Die maßgeblichen Forschungs- und Entwicklungs Schwerpunkte sind in drei Gestaltungsfelder unterteilt. Neben der Berücksichtigung der bereits genannten Entwicklungsfeldern sind mindestens zwei der drei aufeinander bezogenen Gestaltungsfelder A. Resilienz- und Nachhaltigkeitsstrategie, B. Gestaltungsfeld Kollaborations- und Wertschöpfungsnetzwerke sowie das Gestaltungsfeld C agile, und anpassungsfähige Organisationen. Diese sind ganzheitlich unter Berücksichtigung ihrer Wechselwirkungen im Verbundprojekt zu erforschen.


Zudem gibt es ein wissenschaftliches Projekt das die weitere Aufgabenbereiche Forschung, Analyse und Aufbereitung, Vernetzung und Transfer untersuchen soll.


Voraussetzung für eine Förderung ist grundsätzlich das Zusammenwirken mehrerer unabhängiger Partner zur Lösung gemeinsamer Forschungsaufgaben (Verbundvorhaben) die den Stand der Technik deutlich übertreffen.


Antragsberechtigt sind Unternehmen der gewerblichen Wirtschaft sowie Hochschulen und außeruniversitäre Forschungseinrichtungen und weitere Organisationen, die Forschungsbeiträge Fragestellungen und Gestaltungsfelder liefern. Zum Zeitpunkt einer möglichen Auszahlung einer gewährten Zuwendung ist eine Betriebsstätte oder Niederlassung (Unternehmen) in Deutschland erforderlich, Eine Antragstellung durch kleine und mittlere Unternehmen "KMU" wird ausdrücklich begrüßt. KMU im Sinne der Förderrichtlinie sind Unternehmen, die die Voraussetzungen der KMU-Definition der EU erfüllen. Europäische Kooperationen zur Forschung für die Produktion, wie beispielsweise EUREKA, sind erwünscht. EUREKA bietet die Möglichkeit für deutsche Verbünde, ausländische Partner zu integrieren, wenn es thematisch vorteilhaft oder notwendig sein sollte, die Forschung grenzüberschreitend zu ergänzen.

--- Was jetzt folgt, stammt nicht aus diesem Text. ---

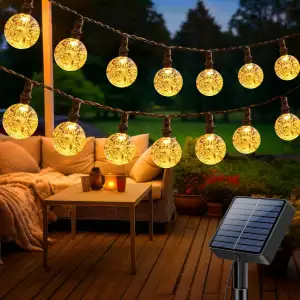 litogo Solar Lichterkette Aussen, 15M LED Lichterkette Außen Solar Wetterfest, 8 Modi Kristall Kugeln mit Memory-Funktion, Solarlichterkette Outdoor für Balkon, Garten, Terrasse, Partys, Warmweiß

Art, Umfang, Höhe der Zuwendung. Die Zuwendung wird als Projektförderung als nicht rückzahlbarer Zuschuss gewährt. Bemessungsgrundlage für Zuwendungen an Unternehmen der gewerblichen Wirtschaft und für Vorhaben von Forschungseinrichtungen, die in den Bereich der wirtschaftlichen Tätigkeit fallen, sind die zuwendungsfähigen Kosten. Diese werden unter Berücksichtigung der beihilferechtlichen Vorgaben anteilig finanziert. Es wird erwartet, dass sich Unternehmen der gewerblichen Wirtschaft entsprechend ihrer Leistungsfähigkeit an den Aufwendungen der Hochschulen und öffentlich finanzierten Forschungseinrichtungen angemessen beteiligen. Als angemessen gilt in Summe über den Verbund gerechnet eine Eigenbeteiligung der Verbundpartner in Höhe von mindestens 50 Prozent der zuwendungsfähigen Gesamtkosten des Projektes.


Antragsverfahren. Das Antragsverfahren ist zweistufig angelegt. In der ersten Verfahrensstufe sind dem Projektträger Karlsruhe - Zukunft der Wertschöpfung - Produktion, Dienstleistung und Arbeit (PTKA-PDA) zunächst bis spätestens 15. September 2023 Projektskizzen in elektronischer und schriftlicher Form vorzulegen. Die Richtlinie empfiehlt, vor der Einreichung von Projektskizzen direkt mit dem Projektträger Kontakt aufzunehmen.


 

Quelle: Bundesministerium für Bildung und Forschung, Richtlinie zur Förderung von Projekten zum Thema Dynamische Wertschöpfungsnetzwerke im turbulenten Umfeld -Aufbau von Resilienz in produzierenden Unternehmen (Resipro) im Rahmen des Programms "Zukunft der Wertschöpfung - Forschung zu Produktion, Dienstleistung und Arbeit vom 24. April 2023.